The OVA's entry in The Encyclopedia of Science Fiction notes that the OVA "focuses on the grotesque imagery that dominates the manga, with over-the-top monsters –often sexualized, though in very different ways [...] – and considerable gore. Nonetheless, thanks to the cartoony nature of the monsters and violence, the horror is often overwhelmed by the absurdity.
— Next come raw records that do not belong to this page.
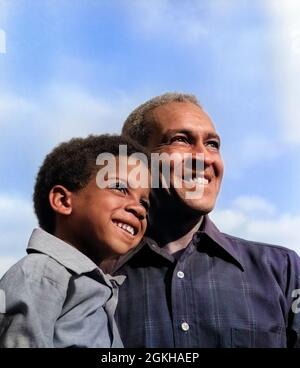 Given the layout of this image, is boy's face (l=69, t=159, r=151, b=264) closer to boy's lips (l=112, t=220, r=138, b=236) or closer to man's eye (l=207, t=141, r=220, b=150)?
boy's lips (l=112, t=220, r=138, b=236)

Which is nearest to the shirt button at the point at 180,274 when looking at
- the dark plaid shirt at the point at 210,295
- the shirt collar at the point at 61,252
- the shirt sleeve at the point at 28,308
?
the dark plaid shirt at the point at 210,295

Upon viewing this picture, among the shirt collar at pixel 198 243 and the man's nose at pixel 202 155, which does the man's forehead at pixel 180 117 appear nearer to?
the man's nose at pixel 202 155

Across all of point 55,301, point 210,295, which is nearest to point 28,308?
point 55,301

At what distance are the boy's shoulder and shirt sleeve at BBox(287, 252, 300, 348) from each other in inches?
34.6

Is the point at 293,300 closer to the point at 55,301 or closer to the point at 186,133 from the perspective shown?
A: the point at 186,133

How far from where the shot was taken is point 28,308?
5.32ft

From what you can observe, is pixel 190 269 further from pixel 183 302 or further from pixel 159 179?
pixel 159 179

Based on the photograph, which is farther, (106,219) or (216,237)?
(216,237)

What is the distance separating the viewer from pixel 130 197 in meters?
2.06

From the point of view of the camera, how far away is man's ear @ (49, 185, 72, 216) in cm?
204

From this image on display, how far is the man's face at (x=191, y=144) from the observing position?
232 cm

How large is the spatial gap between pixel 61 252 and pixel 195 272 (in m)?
0.59

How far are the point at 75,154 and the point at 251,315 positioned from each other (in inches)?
32.1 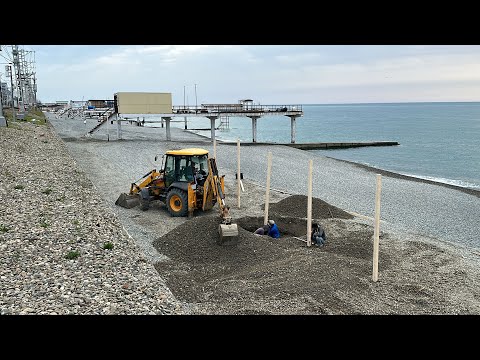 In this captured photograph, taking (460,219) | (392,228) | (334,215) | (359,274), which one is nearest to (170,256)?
(359,274)

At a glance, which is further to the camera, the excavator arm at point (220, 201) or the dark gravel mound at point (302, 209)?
the dark gravel mound at point (302, 209)

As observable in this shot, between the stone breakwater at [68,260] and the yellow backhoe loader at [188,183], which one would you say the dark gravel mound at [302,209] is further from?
the stone breakwater at [68,260]

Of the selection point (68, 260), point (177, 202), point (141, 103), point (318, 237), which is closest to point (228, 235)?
point (318, 237)

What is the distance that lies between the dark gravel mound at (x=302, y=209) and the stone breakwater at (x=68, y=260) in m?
6.98

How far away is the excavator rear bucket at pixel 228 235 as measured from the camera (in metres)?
11.8

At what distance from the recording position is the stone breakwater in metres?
6.82

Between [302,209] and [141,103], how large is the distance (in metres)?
28.6

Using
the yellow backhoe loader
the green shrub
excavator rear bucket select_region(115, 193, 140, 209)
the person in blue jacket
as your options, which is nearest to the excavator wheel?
the yellow backhoe loader

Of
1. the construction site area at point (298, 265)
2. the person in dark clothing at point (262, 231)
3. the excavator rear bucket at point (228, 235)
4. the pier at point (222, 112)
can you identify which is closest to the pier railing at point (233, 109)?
the pier at point (222, 112)

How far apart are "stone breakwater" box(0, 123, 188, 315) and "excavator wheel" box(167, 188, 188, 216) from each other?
2.64m

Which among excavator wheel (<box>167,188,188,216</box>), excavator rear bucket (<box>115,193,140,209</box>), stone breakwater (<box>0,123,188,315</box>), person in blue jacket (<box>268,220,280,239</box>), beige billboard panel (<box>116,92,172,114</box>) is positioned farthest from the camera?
beige billboard panel (<box>116,92,172,114</box>)

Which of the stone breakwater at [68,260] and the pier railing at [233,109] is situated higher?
the pier railing at [233,109]

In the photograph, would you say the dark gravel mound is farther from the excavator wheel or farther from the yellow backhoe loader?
the excavator wheel

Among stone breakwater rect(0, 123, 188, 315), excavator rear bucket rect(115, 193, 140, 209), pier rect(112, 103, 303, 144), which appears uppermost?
pier rect(112, 103, 303, 144) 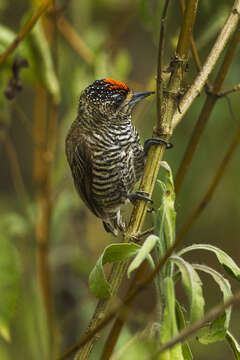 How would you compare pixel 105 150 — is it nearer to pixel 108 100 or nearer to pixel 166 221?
pixel 108 100

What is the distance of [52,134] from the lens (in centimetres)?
313

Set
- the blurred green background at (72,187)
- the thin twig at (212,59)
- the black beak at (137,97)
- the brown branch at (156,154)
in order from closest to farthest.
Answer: the brown branch at (156,154) < the thin twig at (212,59) < the blurred green background at (72,187) < the black beak at (137,97)

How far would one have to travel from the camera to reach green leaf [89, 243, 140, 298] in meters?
1.47

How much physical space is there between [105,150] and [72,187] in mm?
961

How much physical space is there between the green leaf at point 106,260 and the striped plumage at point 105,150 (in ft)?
4.30

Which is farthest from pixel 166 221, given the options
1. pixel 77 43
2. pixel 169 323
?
pixel 77 43

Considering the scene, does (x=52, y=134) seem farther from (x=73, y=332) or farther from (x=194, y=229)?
(x=194, y=229)

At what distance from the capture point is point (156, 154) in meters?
1.67

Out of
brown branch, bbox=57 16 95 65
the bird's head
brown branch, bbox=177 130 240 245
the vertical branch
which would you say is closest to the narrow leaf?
brown branch, bbox=177 130 240 245

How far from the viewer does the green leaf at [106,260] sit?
1.47 m

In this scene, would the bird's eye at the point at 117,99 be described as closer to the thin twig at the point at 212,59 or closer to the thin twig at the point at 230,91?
the thin twig at the point at 230,91

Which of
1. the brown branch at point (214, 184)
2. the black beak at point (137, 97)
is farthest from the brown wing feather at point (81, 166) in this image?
the brown branch at point (214, 184)

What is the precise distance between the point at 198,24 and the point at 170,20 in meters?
0.20

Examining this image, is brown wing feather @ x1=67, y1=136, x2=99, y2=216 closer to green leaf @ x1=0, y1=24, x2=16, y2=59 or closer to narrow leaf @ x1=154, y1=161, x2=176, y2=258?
green leaf @ x1=0, y1=24, x2=16, y2=59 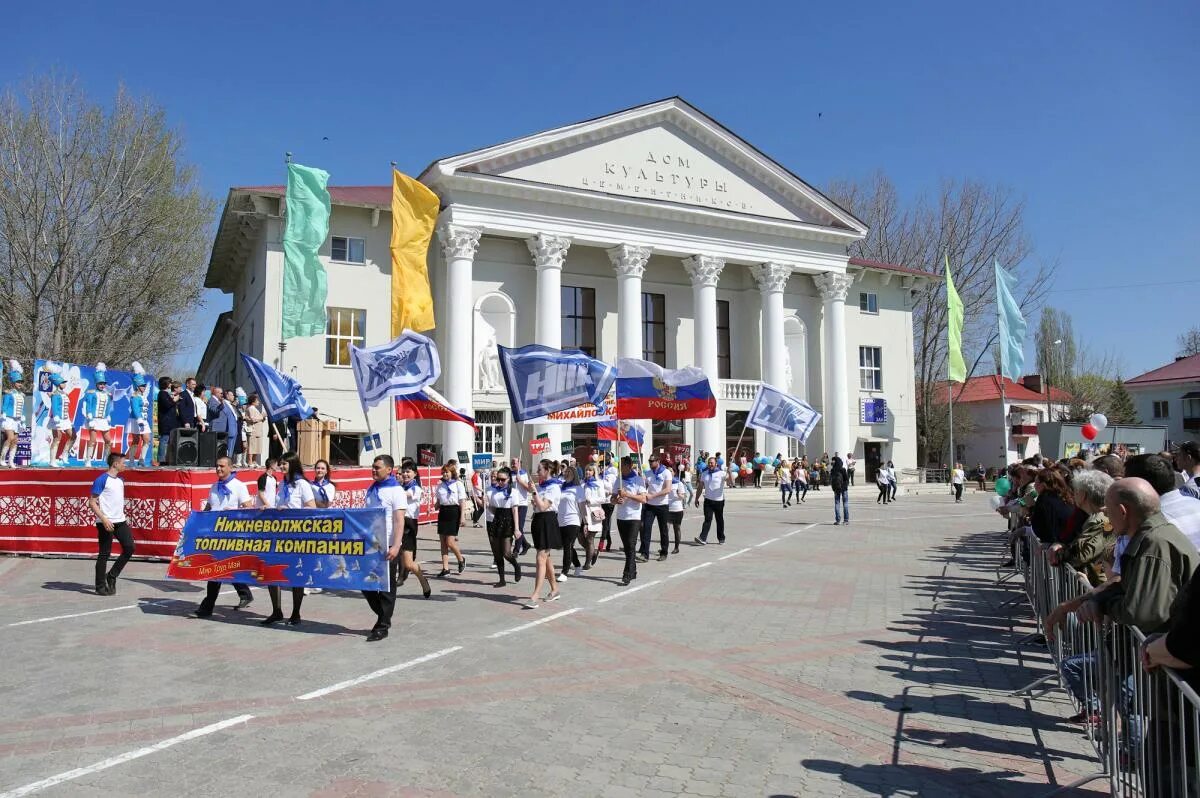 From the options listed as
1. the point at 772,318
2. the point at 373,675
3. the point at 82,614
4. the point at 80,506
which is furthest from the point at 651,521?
the point at 772,318

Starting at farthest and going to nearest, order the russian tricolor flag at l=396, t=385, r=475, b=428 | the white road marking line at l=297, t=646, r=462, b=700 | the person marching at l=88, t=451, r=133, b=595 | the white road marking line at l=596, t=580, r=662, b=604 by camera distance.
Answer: the russian tricolor flag at l=396, t=385, r=475, b=428
the white road marking line at l=596, t=580, r=662, b=604
the person marching at l=88, t=451, r=133, b=595
the white road marking line at l=297, t=646, r=462, b=700

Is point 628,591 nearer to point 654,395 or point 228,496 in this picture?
point 654,395

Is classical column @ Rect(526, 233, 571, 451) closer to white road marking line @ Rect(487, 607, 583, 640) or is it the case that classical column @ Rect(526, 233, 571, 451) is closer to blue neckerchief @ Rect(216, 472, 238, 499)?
blue neckerchief @ Rect(216, 472, 238, 499)

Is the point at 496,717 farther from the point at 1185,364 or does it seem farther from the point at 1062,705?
the point at 1185,364

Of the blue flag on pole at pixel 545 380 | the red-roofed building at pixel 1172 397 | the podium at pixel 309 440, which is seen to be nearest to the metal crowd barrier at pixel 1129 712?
the blue flag on pole at pixel 545 380

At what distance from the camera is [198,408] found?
1794cm

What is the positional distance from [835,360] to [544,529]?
33.1 m

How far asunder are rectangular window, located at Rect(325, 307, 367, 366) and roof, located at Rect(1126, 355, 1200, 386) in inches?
2346

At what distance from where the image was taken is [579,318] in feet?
126

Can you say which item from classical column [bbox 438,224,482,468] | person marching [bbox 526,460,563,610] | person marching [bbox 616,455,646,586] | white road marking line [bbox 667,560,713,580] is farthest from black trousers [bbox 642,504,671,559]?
classical column [bbox 438,224,482,468]

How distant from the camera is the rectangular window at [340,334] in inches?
1283

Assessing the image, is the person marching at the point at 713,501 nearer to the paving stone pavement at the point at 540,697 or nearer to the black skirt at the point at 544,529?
the paving stone pavement at the point at 540,697

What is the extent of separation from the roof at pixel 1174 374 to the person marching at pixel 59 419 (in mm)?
69333

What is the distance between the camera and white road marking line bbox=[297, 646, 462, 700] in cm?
671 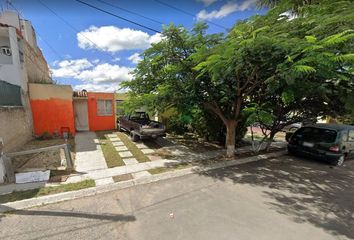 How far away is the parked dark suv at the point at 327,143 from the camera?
785 centimetres

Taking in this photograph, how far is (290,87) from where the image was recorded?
6191 mm

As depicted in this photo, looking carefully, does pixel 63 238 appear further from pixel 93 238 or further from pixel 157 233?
pixel 157 233

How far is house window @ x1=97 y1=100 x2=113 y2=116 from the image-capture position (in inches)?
650

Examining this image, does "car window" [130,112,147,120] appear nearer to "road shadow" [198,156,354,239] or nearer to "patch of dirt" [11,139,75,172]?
"patch of dirt" [11,139,75,172]

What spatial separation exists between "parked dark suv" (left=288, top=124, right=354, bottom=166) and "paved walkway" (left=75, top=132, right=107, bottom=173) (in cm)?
810

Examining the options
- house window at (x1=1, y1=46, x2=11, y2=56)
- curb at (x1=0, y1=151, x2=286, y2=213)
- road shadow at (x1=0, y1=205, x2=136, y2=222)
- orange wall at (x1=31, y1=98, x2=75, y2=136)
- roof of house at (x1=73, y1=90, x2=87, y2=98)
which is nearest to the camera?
road shadow at (x1=0, y1=205, x2=136, y2=222)

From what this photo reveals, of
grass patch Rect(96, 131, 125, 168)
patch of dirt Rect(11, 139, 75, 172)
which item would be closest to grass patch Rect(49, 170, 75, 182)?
patch of dirt Rect(11, 139, 75, 172)

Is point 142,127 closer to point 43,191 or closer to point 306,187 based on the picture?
point 43,191

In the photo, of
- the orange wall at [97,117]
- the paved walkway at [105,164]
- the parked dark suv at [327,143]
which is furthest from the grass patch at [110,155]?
the parked dark suv at [327,143]

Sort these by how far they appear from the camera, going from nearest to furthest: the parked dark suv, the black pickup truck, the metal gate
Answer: the parked dark suv → the metal gate → the black pickup truck

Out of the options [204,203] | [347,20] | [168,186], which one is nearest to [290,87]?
[347,20]

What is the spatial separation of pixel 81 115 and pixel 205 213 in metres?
14.5

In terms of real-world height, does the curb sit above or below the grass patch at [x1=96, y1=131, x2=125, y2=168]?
below

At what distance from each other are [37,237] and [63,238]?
47 cm
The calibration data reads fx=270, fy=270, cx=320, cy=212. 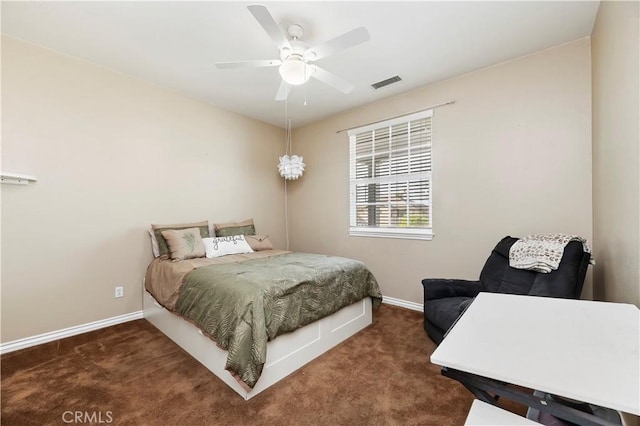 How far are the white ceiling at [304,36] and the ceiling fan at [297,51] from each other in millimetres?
336

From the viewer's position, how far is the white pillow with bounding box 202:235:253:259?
3.05 metres

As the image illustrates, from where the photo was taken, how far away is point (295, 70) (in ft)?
6.42

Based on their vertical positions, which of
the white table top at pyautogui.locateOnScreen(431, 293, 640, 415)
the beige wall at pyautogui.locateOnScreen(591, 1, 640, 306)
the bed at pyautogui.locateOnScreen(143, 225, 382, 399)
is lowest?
the bed at pyautogui.locateOnScreen(143, 225, 382, 399)

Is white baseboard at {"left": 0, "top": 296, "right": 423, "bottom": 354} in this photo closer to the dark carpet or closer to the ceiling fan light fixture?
the dark carpet

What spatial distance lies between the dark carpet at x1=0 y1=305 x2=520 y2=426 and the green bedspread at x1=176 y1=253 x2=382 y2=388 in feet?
1.03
Providing the viewer leaves their finer sensibilities at the door, this is an enjoyable OVA series.". The reviewer also expressed regret that the unanimated parts include an interesting the subplot which explained how the powered armor used by some characters was made through ruthless sacrifices of civilians in a project overseen by Imperial Japan's military, with the participation of Shiro Ishii, the director of the infamous Unit 731.

== Context ==

The Japanese title is an allusion to An Encouragement of Learning (Gakumon no Susume) from Fukuzawa Yukichi, an important early Japanese advocate during Meiji Restoration.